What the exercise asks: Please print nothing but the lines from the one with "Navigating Entry-Level IT" to the last line of the records below, and omit pictures.

-------- Provided information --------

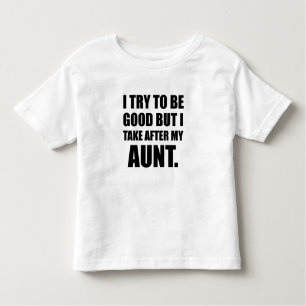 T-shirt Pour Les Tous Petits Prenez après ma tante Funny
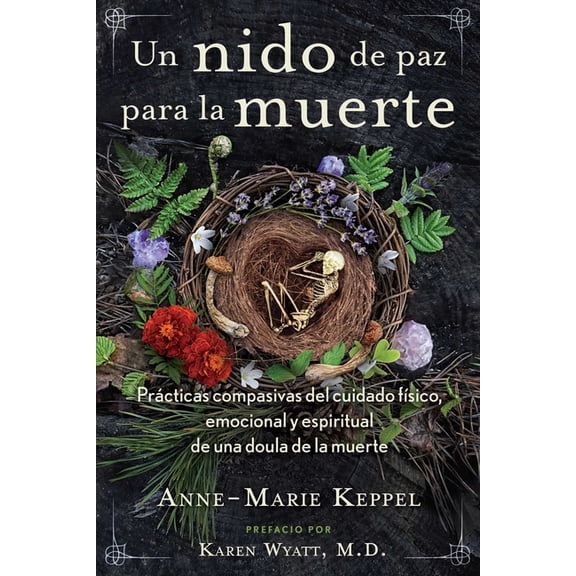 Un Nido de Paz Para La Muerte: PrÃ¡cticas Compasivas del Cuidado FÃ­sico, Emocional Y Espiritual de Una Doula de la Muerte, (Paperback)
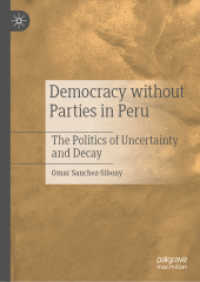 Democracy without Parties in Peru : The Politics of Uncertainty and Decay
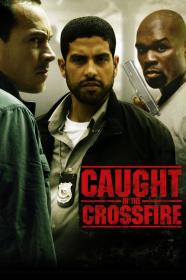 Caught In The Crossfire (2010) [720p] [BluRay] [YTS]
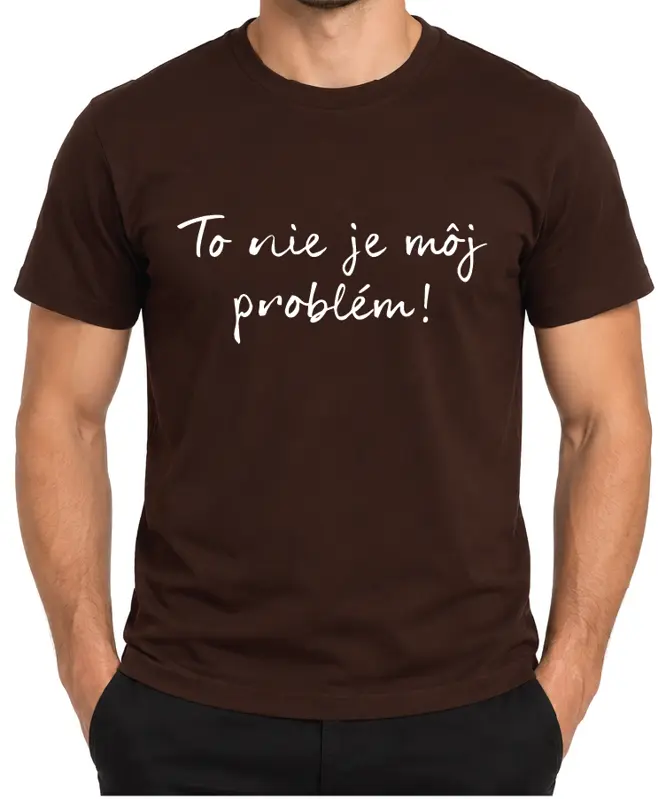 Tričko - To nie je môj problém!
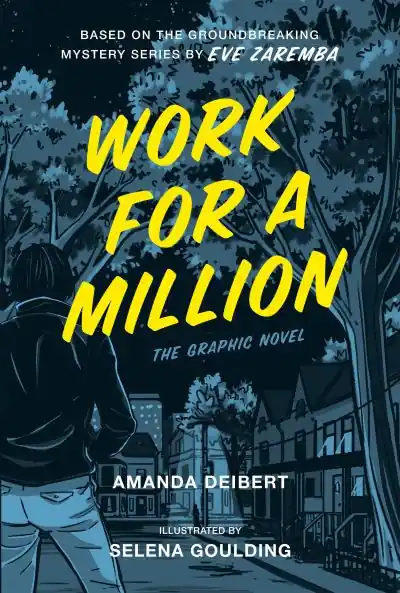 Work For a Million (Graphic Novel) Grab Now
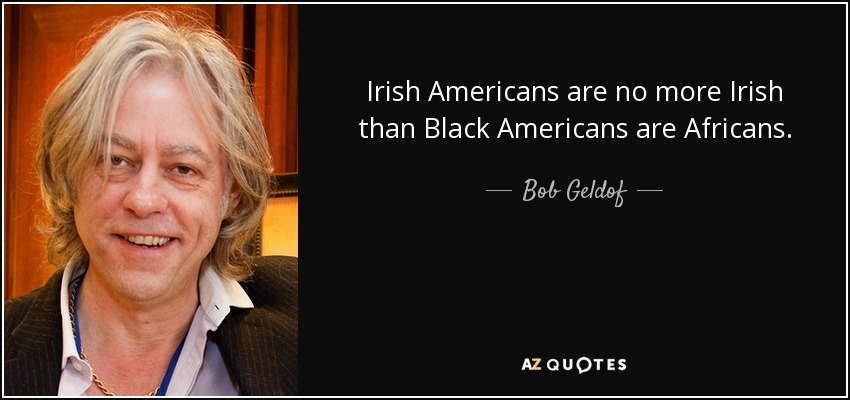 Irish Americans are no more Irish than Black Americans are Africans. - Bob Geldof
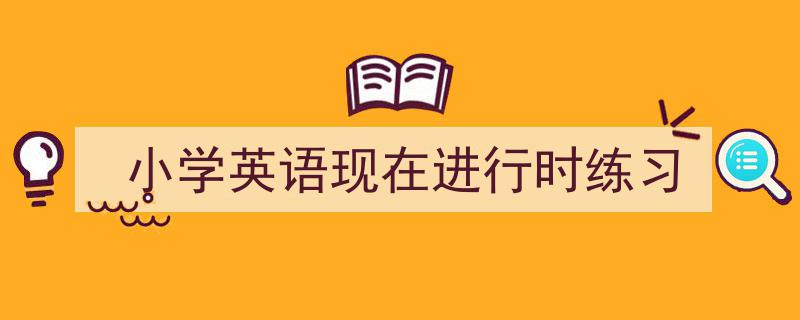 推荐《小学英语现在进行时练习》相关写作范文范例（精选5篇）"/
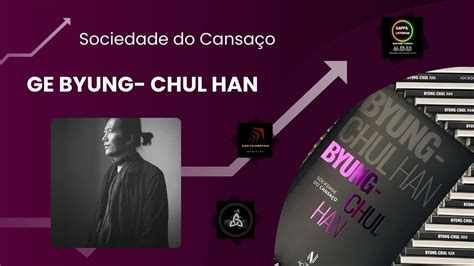 Ge Byung Chul Han Sociedade Do Cansa O Youtube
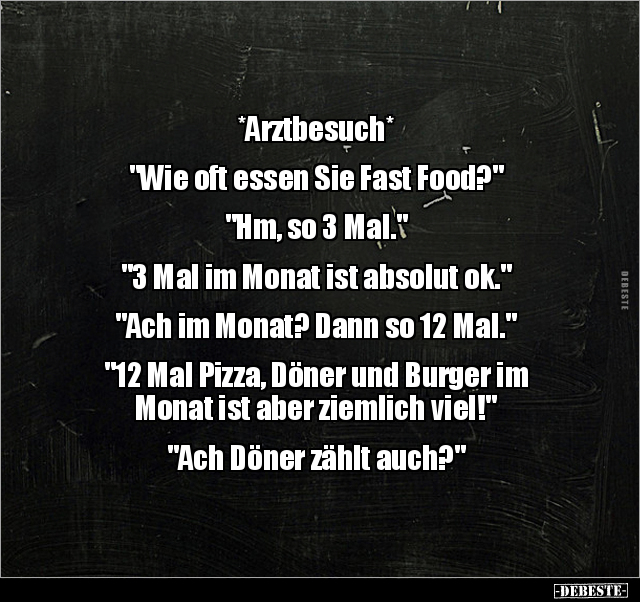 *Arztbesuch* "Wie oft essen Sie Fast Food?" "Hm, so 3.." - Lustige Bilder | DEBESTE.de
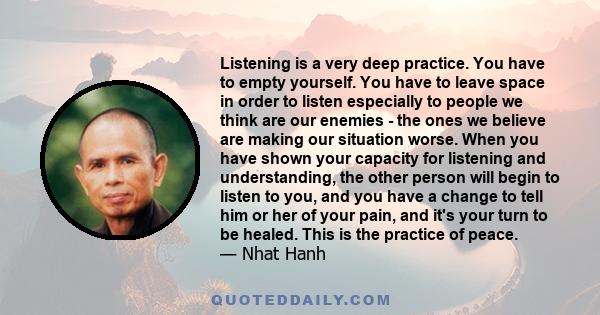 Listening is a very deep practice. You have to empty yourself. You have to leave space in order to listen especially to people we think are our enemies - the ones we believe are making our situation worse. When you have 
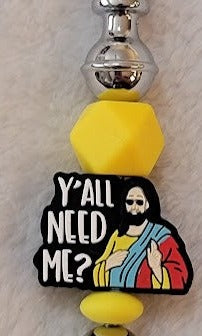 "Y'all need me" Bottle Opener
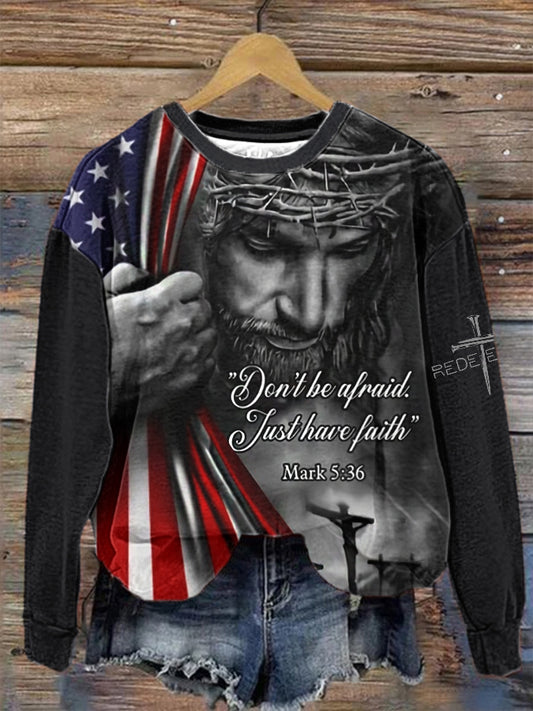 Women's Don't be afraid. Just have faith Mark 5:36 Regular Sweatshirt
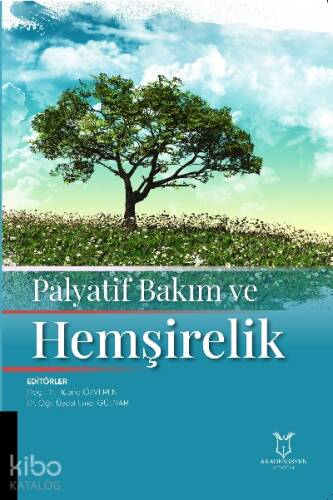 Palyatif Bakım ve Hemşirelik - 1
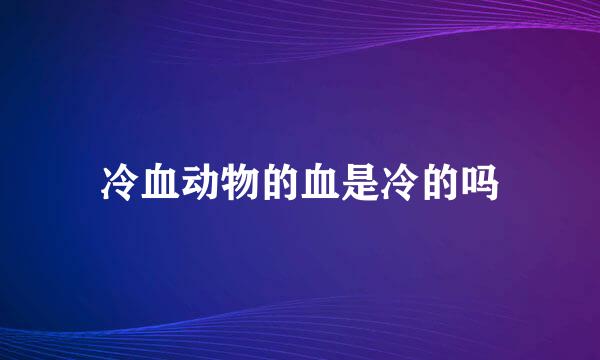冷血动物的血是冷的吗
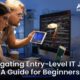 Navigating Entry-Level IT Jobs: A Comprehensive Guide for Beginners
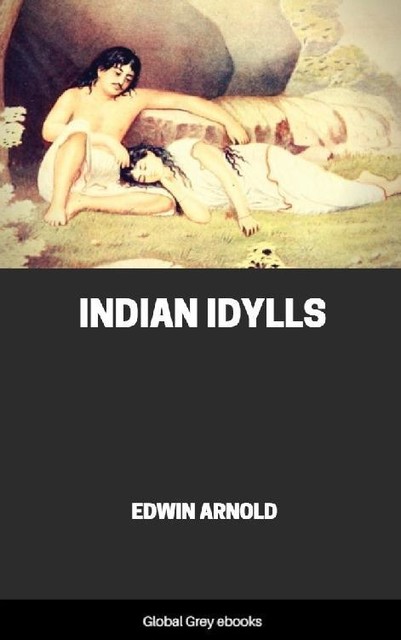 Indian Idylls, Edwin Arnold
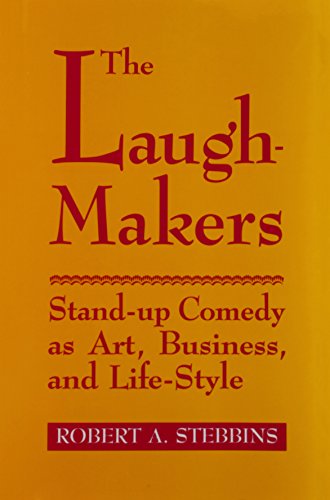 The Laugh-Makers: Stand-Up Comedy as Art, Business, and Life-Style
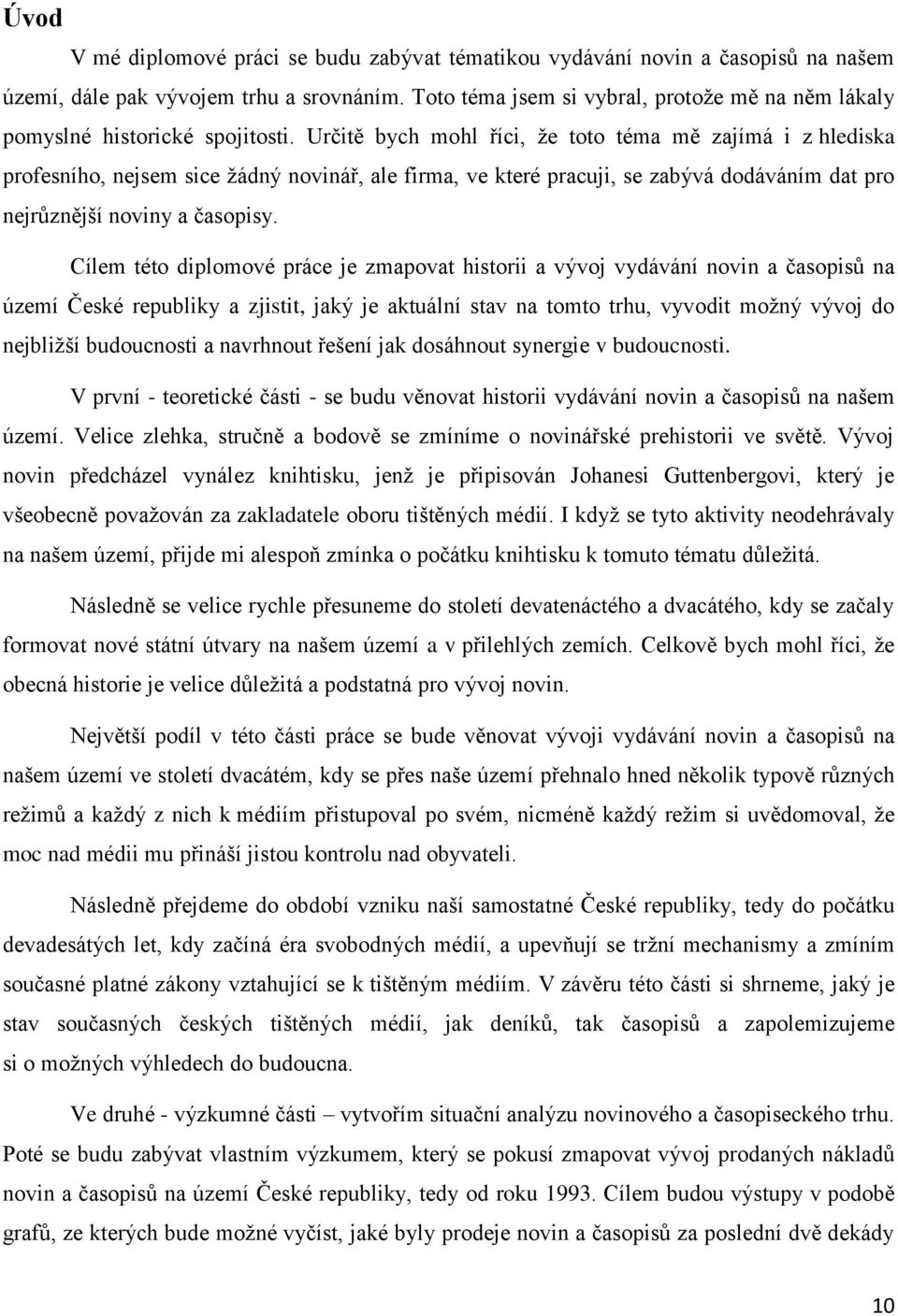 Určitě bych mohl říci, že toto téma mě zajímá i z hlediska profesního, nejsem sice žádný novinář, ale firma, ve které pracuji, se zabývá dodáváním dat pro nejrůznější noviny a časopisy.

--------

Exercise response:
 Navigating Entry-Level IT Jobs: A Comprehensive Guide for Beginners
 Indian Idylls, Edwin Arnold
 The Laugh-Makers: Stand-Up Comedy as Art, Business, and Life-Style
 Určitě bych mohl říci, že toto téma mě zajímá i z hlediska profesního, nejsem sice žádný novinář, ale firma, ve které pracuji, se zabývá dodáváním dat pro nejrůznější noviny a časopisy.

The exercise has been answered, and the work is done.